## Task brief
Print the listing exactly as it stands, and skip any pictures in it.

◇ ◇ ◇ ◇ ◇ ◇ ◇

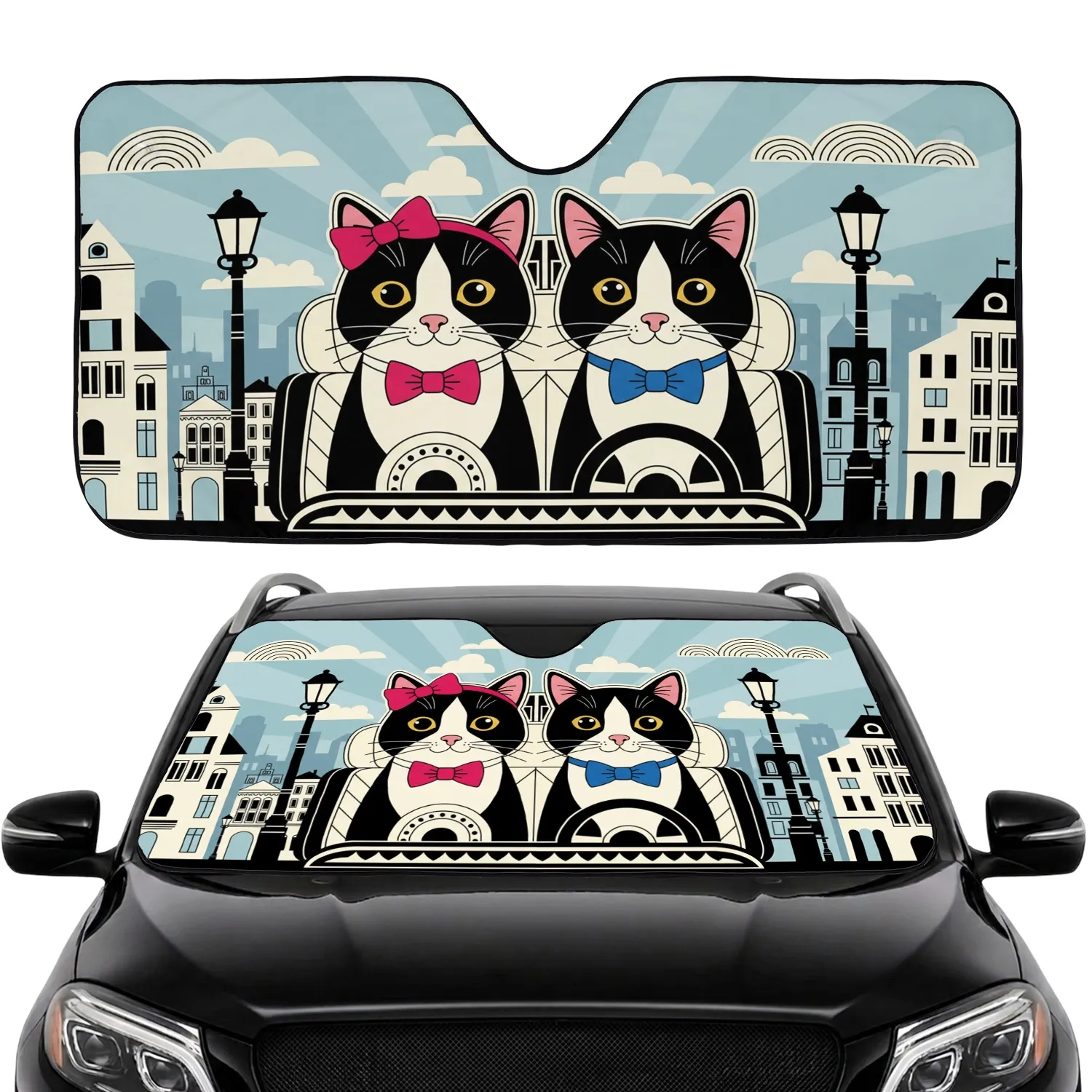 Tuxedo Cats Fuchsia Bow Royal Blue Bow Cityscape - Cat Lover Home Decor Gift Car Sunshade - 1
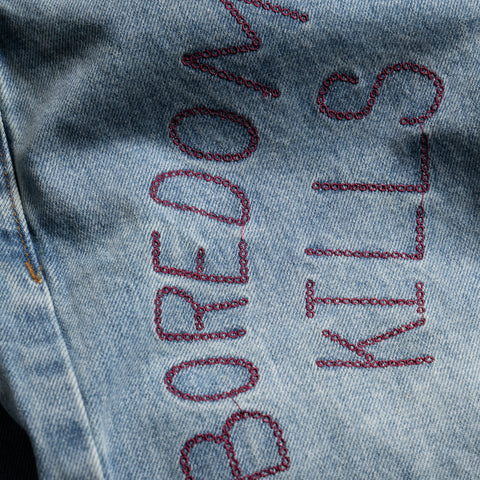 Boredom Kills Scribble Denim - Indigo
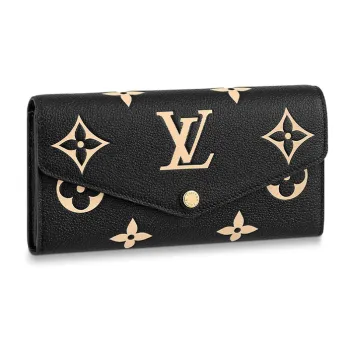 LOUIS VUITTON Sarah Cow Leather Wallet Regular Women's Black/Ecru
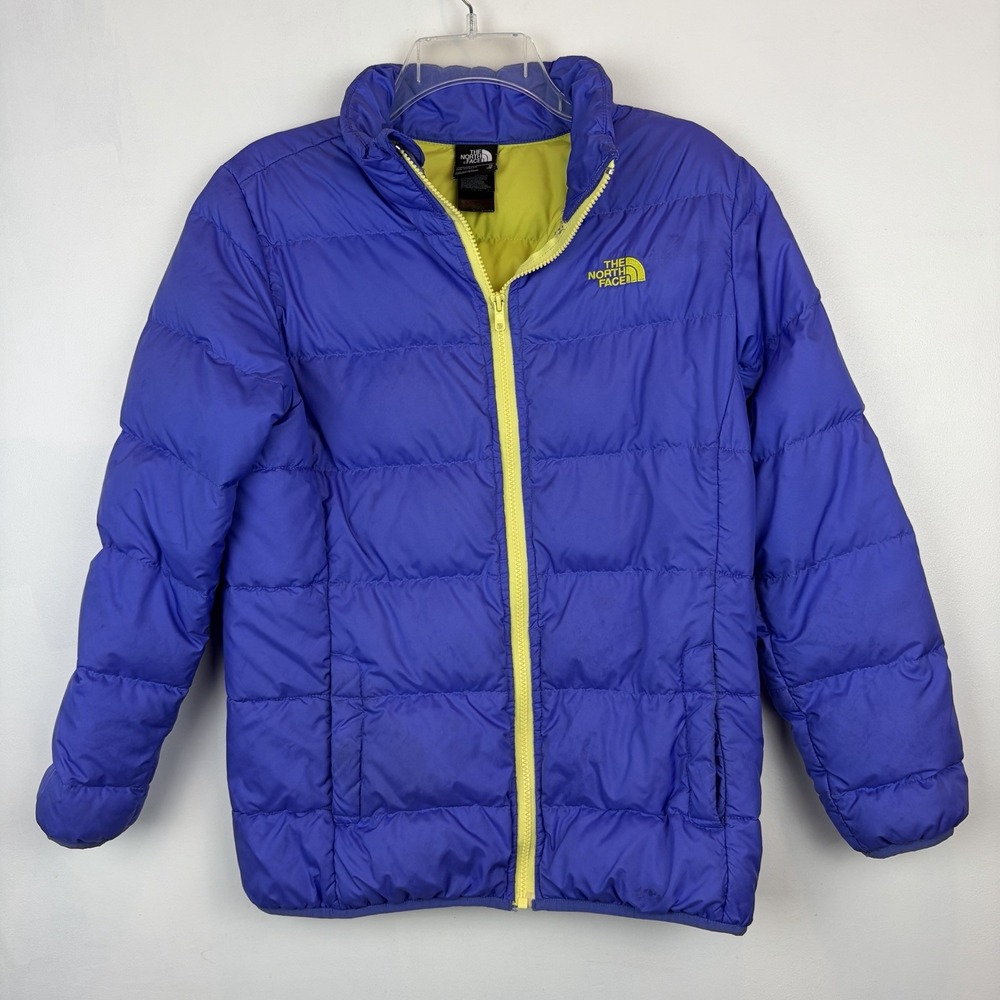 The North Face Down Puffer Youth Girls XL 18 Goose 550 Jacket Coat Purple Read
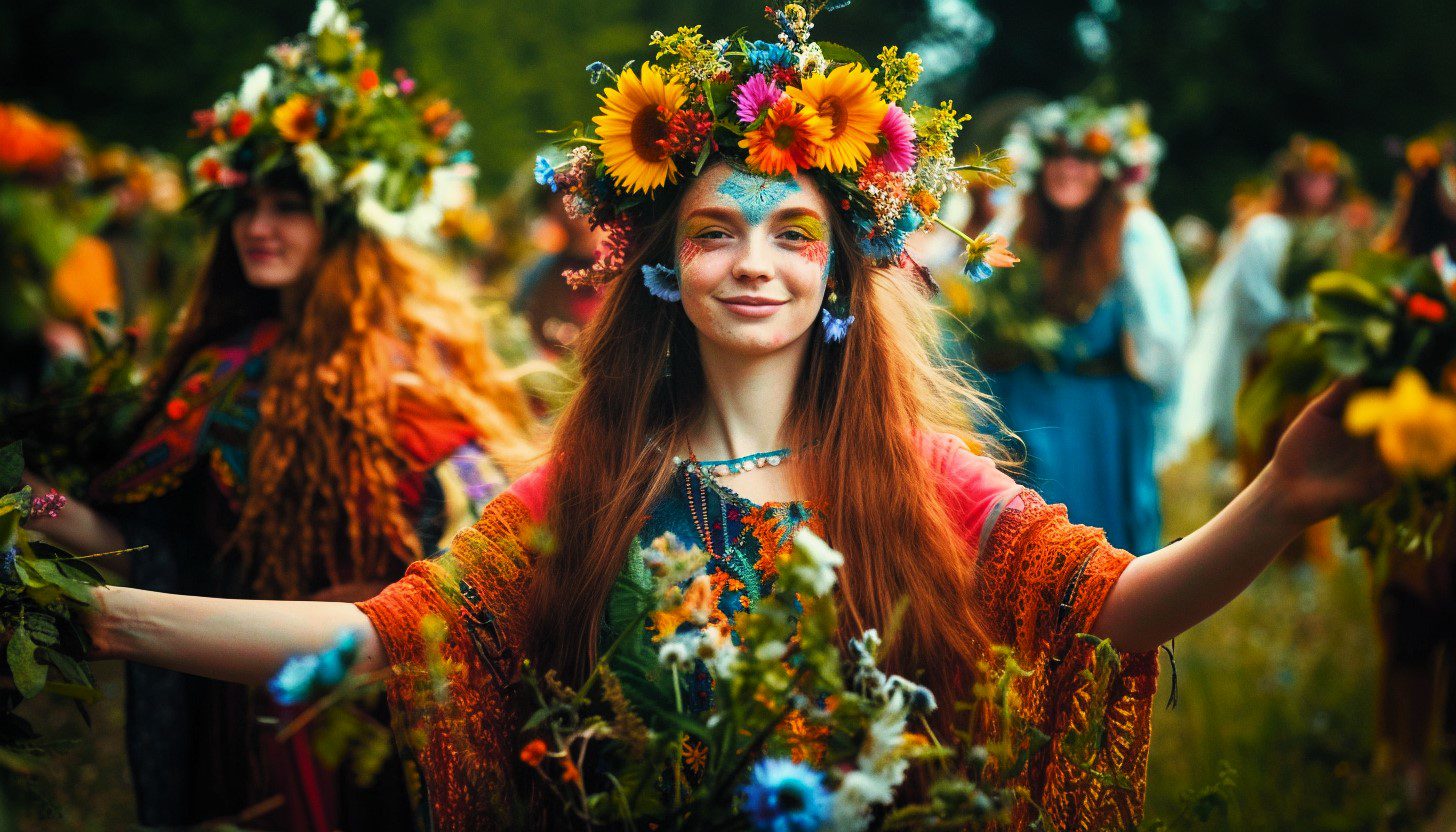 Young woman wearing a floral head dress celebrating Beltane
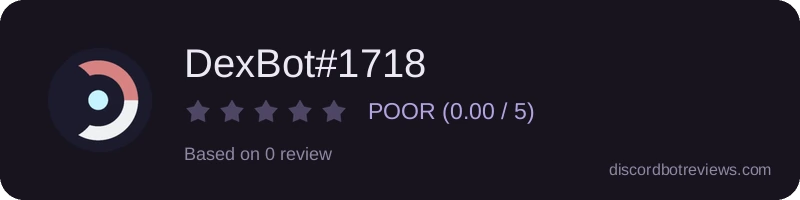 Rating widget preview for DexBot#1718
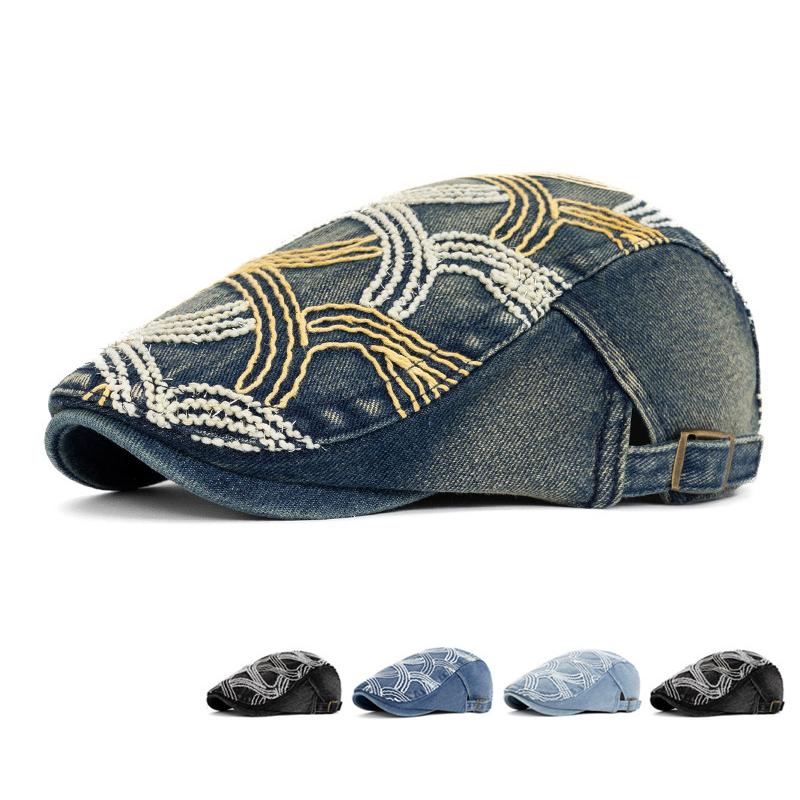 Beret Women's British Vintage Peaked Cap Men Denim Hat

◇ ◇ ◇ ◇ ◇ ◇ ◇

## Answer box
 Tuxedo Cats Fuchsia Bow Royal Blue Bow Cityscape - Cat Lover Home Decor Gift Car Sunshade - 1
 Boredom Kills Scribble Denim - Indigo
 LOUIS VUITTON Sarah Cow Leather Wallet Regular Women's Black/Ecru
 The North Face Down Puffer Youth Girls XL 18 Goose 550 Jacket Coat Purple Read
 Young woman wearing a floral head dress celebrating Beltane
 Rating widget preview for DexBot#1718
 Beret Women's British Vintage Peaked Cap Men Denim Hat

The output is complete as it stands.